### WORK REQUEST
Print this span of the material below exactly: the line with "dock road sign", the line with "19th century oak", and every line between them, but nothing else.

### RECORDS FOR THIS EXERCISE
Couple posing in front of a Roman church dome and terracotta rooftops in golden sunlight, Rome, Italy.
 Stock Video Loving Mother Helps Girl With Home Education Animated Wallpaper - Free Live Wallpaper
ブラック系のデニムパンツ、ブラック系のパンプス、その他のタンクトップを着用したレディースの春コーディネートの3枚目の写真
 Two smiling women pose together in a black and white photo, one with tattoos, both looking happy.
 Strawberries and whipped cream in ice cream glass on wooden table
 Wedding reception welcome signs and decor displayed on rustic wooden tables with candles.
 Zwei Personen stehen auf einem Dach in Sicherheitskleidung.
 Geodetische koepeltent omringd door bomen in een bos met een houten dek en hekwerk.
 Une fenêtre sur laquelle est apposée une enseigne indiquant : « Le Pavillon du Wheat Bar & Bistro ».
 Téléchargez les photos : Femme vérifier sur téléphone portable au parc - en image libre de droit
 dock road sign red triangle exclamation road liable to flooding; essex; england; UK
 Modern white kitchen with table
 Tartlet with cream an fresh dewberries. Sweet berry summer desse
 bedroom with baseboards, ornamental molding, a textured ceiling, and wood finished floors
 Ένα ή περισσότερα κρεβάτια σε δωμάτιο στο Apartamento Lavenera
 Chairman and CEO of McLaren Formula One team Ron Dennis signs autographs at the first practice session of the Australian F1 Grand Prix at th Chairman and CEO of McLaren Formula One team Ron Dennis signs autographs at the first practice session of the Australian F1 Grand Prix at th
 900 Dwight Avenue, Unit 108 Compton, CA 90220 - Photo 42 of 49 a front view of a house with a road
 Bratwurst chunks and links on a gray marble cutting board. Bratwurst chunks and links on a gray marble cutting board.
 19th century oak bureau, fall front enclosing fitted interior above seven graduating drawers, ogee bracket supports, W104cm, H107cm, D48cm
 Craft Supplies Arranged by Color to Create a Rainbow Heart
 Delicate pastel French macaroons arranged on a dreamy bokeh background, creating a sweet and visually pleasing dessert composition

### WRITTEN RESPONSE
 dock road sign red triangle exclamation road liable to flooding; essex; england; UK
 Modern white kitchen with table
 Tartlet with cream an fresh dewberries. Sweet berry summer desse
 bedroom with baseboards, ornamental molding, a textured ceiling, and wood finished floors
 Ένα ή περισσότερα κρεβάτια σε δωμάτιο στο Apartamento Lavenera
 Chairman and CEO of McLaren Formula One team Ron Dennis signs autographs at the first practice session of the Australian F1 Grand Prix at th Chairman and CEO of McLaren Formula One team Ron Dennis signs autographs at the first practice session of the Australian F1 Grand Prix at th
 900 Dwight Avenue, Unit 108 Compton, CA 90220 - Photo 42 of 49 a front view of a house with a road
 Bratwurst chunks and links on a gray marble cutting board. Bratwurst chunks and links on a gray marble cutting board.
 19th century oak bureau, fall front enclosing fitted interior above seven graduating drawers, ogee bracket supports, W104cm, H107cm, D48cm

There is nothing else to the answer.